[erlang-questions] [erlang-bugs] heart prevents beam from creating crash dumps

Sat Aug 25 21:48:42 CEST 2012

On Sat, Aug 25, 2012 at 3:39 PM, Richard Carlsson
<carlsson.richard@REDACTED> wrote:
> We have had a long-standing problems with not getting any Erlang crash dumps
> at all on our live servers. I finally figured out why it happens. I have
> already reported this to the OTP folks, but I thought I should send a
> summary to the mailing lists for documentation and to give people a
> heads-up.
>
> The problem occurs when you start Erlang with the -heart flag
> (http://www.erlang.org/doc/man/heart.html). This spawns a small external C
> program connected through a port. From Erlang's point of view it's like any
> other port program. The heart program pings the Erlang side every now and
> then, and if it gets no reply within HEART_BEAT_TIMEOUT seconds, or if the
> connection to Erlang breaks, it assumes the Beam process has gone bad and
> kills it off with a SIGKILL, and then restarts Erlang using whatever
> HEART_COMMAND is set to. So far so good.
>
> Normally, when Beam detects a critical situation (e.g., out of memory) and
> decides to shut down, it will create an erl_crash.dump file (or whatever
> ERL_CRASH_DUMP is set to). This information can greatly help figuring out
> what went wrong. But if the system that crashed was large, the crash dump
> file can take quite a long time to create. In order to make it possible to
> restart the node (reusing the node name) while the old defunct system is
> still writing the crash dump, Beam wants to drop its connection to the EPMD
> service before it starts writing the dump, making it look like the old node
> has disappeared.
>
> The code that does this is the function prepare_crash_dump() in
> erts/emulator/sys/unix/sys.c.

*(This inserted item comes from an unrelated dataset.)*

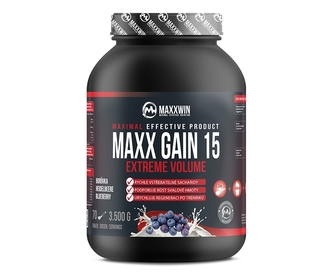 Maxxwin - MAXX Gain 15 3500 g - borůvka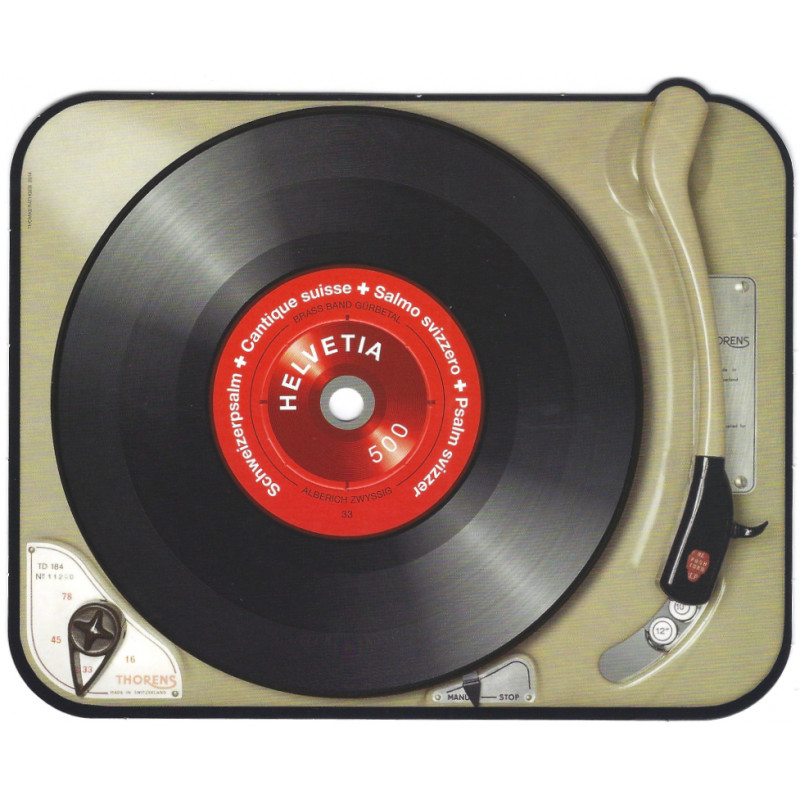 Suisse feuillet de timbre Disque Vinyle F2290 neuf**. Suisse feuillet de timbre Disque Vinyle F2290 neuf**.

The problem from the perspective of the C code
> is that the connection to EPMD is on some unknown file descriptor (just like
> heart, this has been started as a port from Erlang code). The solution they
> chose, and which has been part of the OTP system for years, is to close
> _all_ file descriptors except 0-2. This certainly has the desired effect
> that EPMD releases the node name for reuse. But it also, when the loop gets
> to file descriptor 10 or thereabouts (probably depending on your system),
> has the effect of breaking the connection to the heart program.
>
> In these multicore days, the effect is almost instantaneous. The heart
> program immediately wakes up due to the broken pipe and sends SIGKILL to
> Beam for good measure, to make sure it's really gone, and then it starts a
> new Erlang node. Meanwhile, the old node is still busy closing file
> descriptors. Sometimes it makes it as far as 12 before SIGKILL arrives. The
> poor thing never has a chance to even open the crash dump file for writing.
> And your operations people only see a weird restart without any further
> clues.
>
> I don't have a good solution right now, except "don't use -heart". And it
> might be that one wants to separate the automatic restarting of a crashed
> node from the automatic killing of an unresponsive node anyway. Suggestions
> are welcome.

Hi Richard, I hit this problem a few years ago. Here's the thread
starting from where I posted a temporary solution:

http://erlang.org/pipermail/erlang-questions/2010-August/052970.html

Unfortunately no patches came out of that conversation, but Ulf had an
idea that might be worth exploring in a followup to the post linked
above.

--steve